I wanted to be a developer when I was a kid. Well, the word "developer" didn't exist, it was "computer programmer" back then.
I vividly recall being summoned to the headmaster's office at Options time (when you selected what subjects you were going to study for O-Levels - remember them?) thinking I was in trouble. The head invited me to sit down then just lead with "I see you're not taking French" - I was good at it and schools like you to take subjects you're good at, it keeps the pass rates high and makes them look better.
Somewhat surprised at his opening I blurted out that I was taking Computer Studies instead to which his response was "And what do you want to be when you leave school?" "A computer programmer" I replied, not sure of what to expect. His next response surprised me even more; I was envisaging an impassioned plea for me to reconsider but all I got was "Fair enough." And that was it, I was dismissed and left the room in a bit of a daze.
Still, it didn't last. I dropped Computer Science at A-Level after a term as I wasn't learning anything and didnt expect to for the remainder of the course. We had studied Pascal for two years at O-Level and after a bit of Z80 assembly language were informed that the remainder of the A-level syllabus was... Pascal.
I had taught myself a lot of BASIC at home from 11 years old so learning Pascal (this was vanilla Pascal coded by hand, we weren't even using Turbo Pascal) had been more a case of transposing code. In fact, my O-Level project was literally a program I had already written at home in BASIC just converted to Pascal. In case you're interested, it was a random dungeon generator for Dungeons and Dragons that provided the basic room size, the number and direction of exits, and what creatures might be found in those rooms.
Anyway, I digress.
I was going to write about routines.
After we first moved things were new and fresh and exciting. Everything was different, every trip to a shop was an exploration, and every exploration an adventure.
Here we are, almost seven weeks in, and it's scary how easy it has been to fall into a routine. Roads are now familiar so getting to certain places has become almost second nature. There are still things to do round the house but that initial fervour has subsided as the reality of daily living has returned.
Routines can be good, they help give some structure to our day, but when they become a rut they can be dangerous, when they suck you in and and you lose the fun, spontaneity and adventure.
The saying goes that insanity is doing the same things but expecting different results; well that sounds a lot like getting stuck in a routine to me, daydreaming your way through allowing it to carry you along rather than finding your own path.
I need to do more of the latter before it's too late.
I finished Hell Yeah or No not long after the last letter and thoroughly enjoyed it.
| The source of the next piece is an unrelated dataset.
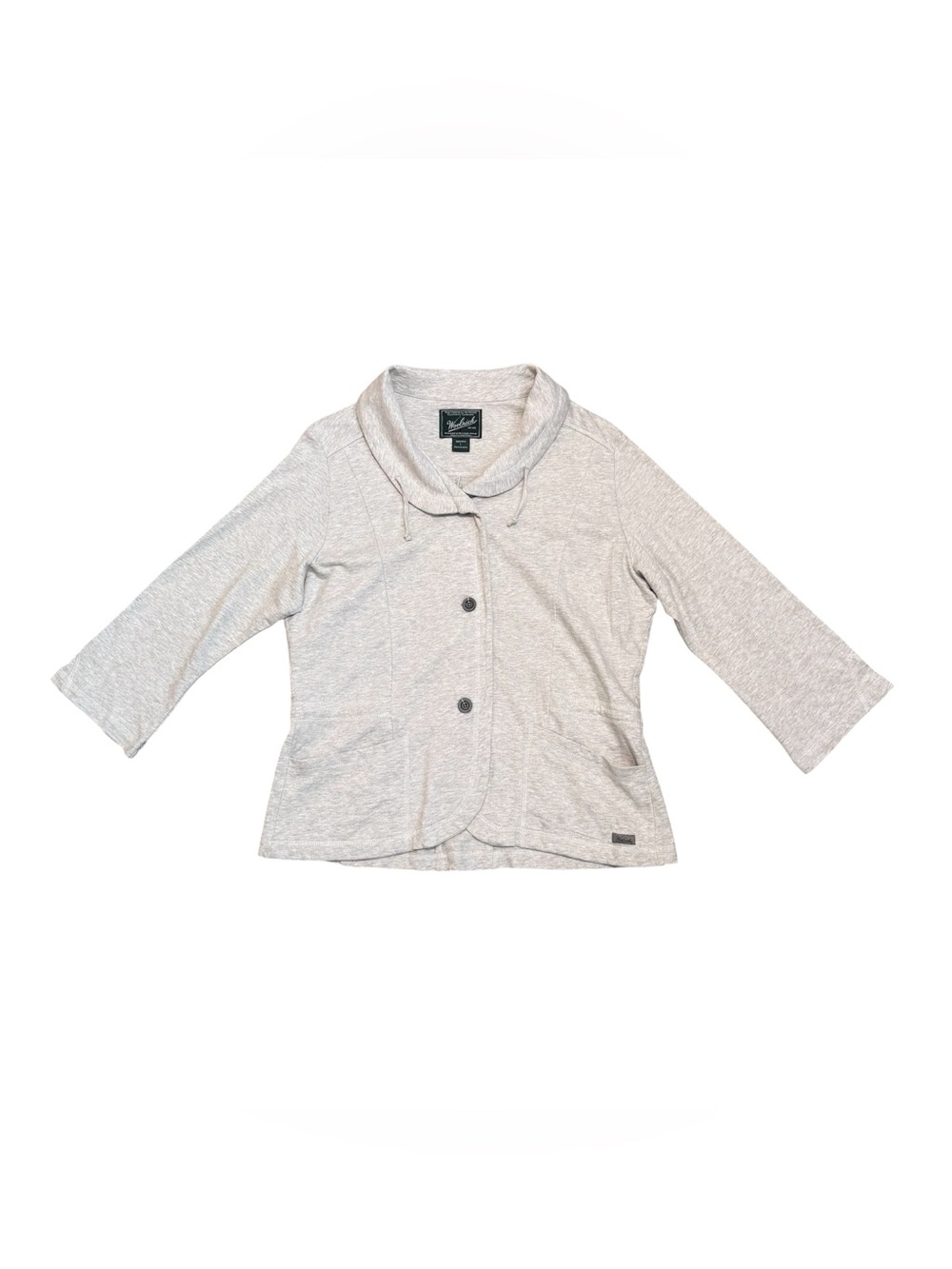 Woolrich button up sweater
It's hard to pin down exactly what type of book it is. It's not exactly a self-help book in the usual parlance, more a series of observations and common sense. You can, however, take a lot from it.
The below resonates with me on such a deep level:
If you think you haven't found your passion yet, you're probably expecting it to be overwhelming.
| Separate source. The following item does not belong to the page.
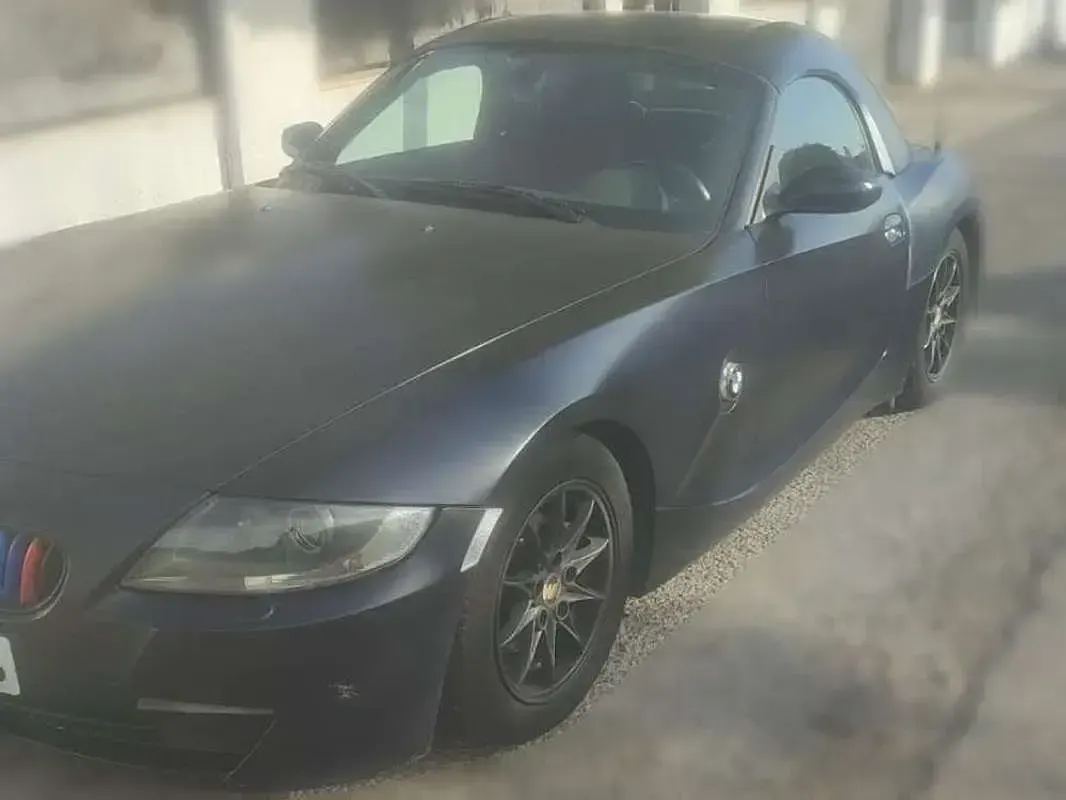 Usado BMW Z4 177 CV (130 kW) 2006 Negro Descapotable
Instead, just notice what excites you and what scares you on a small moment-to-moment level.
If you keep thinking about doing something big, and you find that the idea both terrifies and intrigues you, it's probably a worthy endeavor for you.
I have written so many times about my mental block on doing big things, but big things are just the sum of a number of small things, things that are moment-to-moment. This ties in perfectly with my future plans for these letters, plans I am still working on and will be having a Zoom call about next week to give me the virtual kick up the backside I so badly need.
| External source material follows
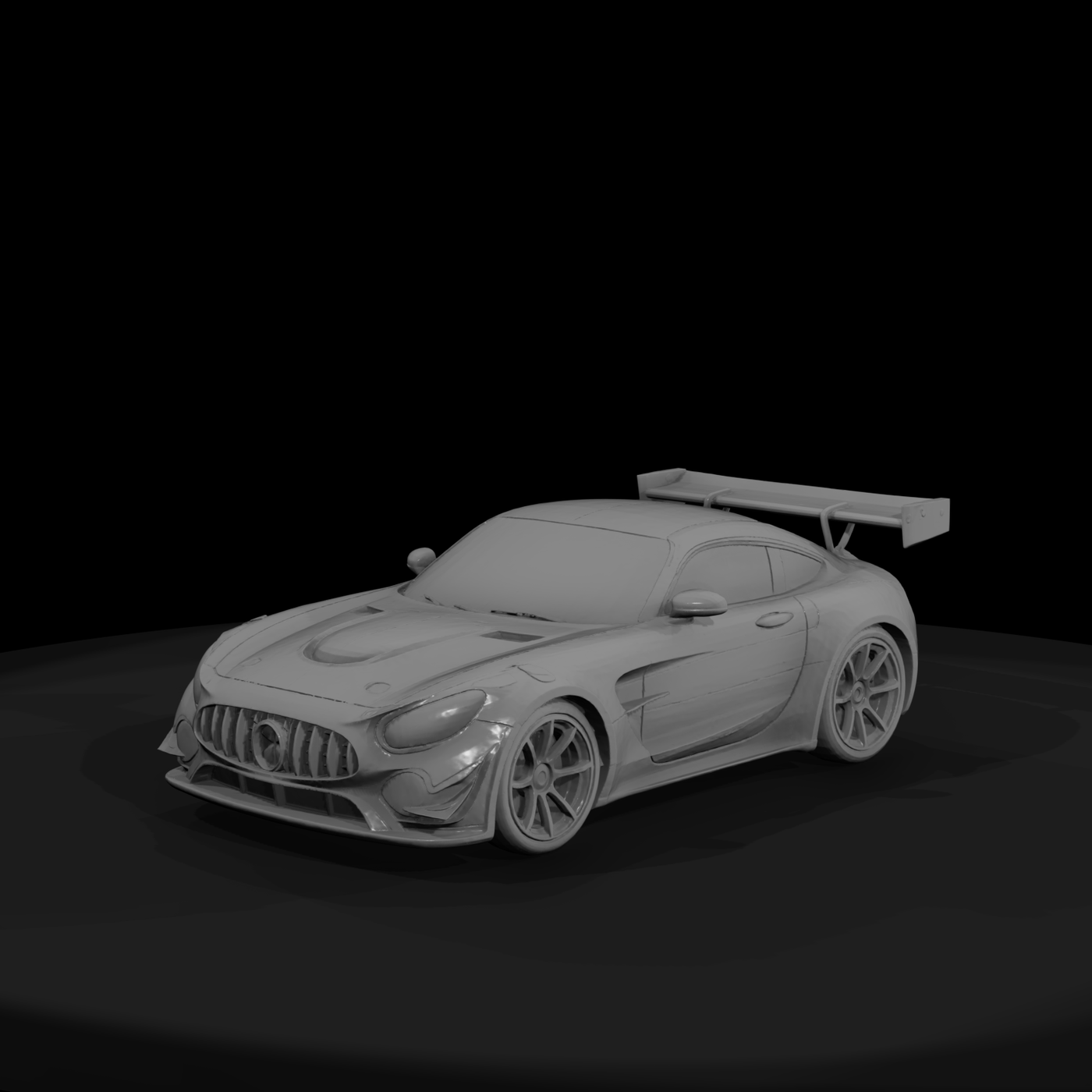 Mercedes-Benz AMG GT4 (2020)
I can't recommend HYON highly enough.
With that book finished I felt I needed a break from non-fiction and bought the first two volumes of The House of Whispers, part of the Sandman Universe collection.
Anyone who knows me knows that I am a massive fan of Neil Gaiman's Sandman series, one of the best ever works of fiction period, not just one of the best comics. Yet, for some reason I haven't been able to get into it, reading the same few pages again and again in the hope that something will just click.
Maybe it's been the rut I mentioned above or something on a deeper psychological level where I know that it's not actually about Lord Morpheus himself and it's holding me back. Whatever it is I need to get past it, just like my fear of bigs things.
And that's it...
Alongside the plans for the letter I have been thinking about what I want to achieve with the blog and feel that things are due a bit of a shake-up. I don't write as much as I'd like but won't force myself into any kind of schedule - that just invites failure and the self-reproach that comes with it.
Whatever happens will happen, organically and on its own terms. I'm nervous and excited. As Derek Sivers says it "both terrifies and intrigues" me.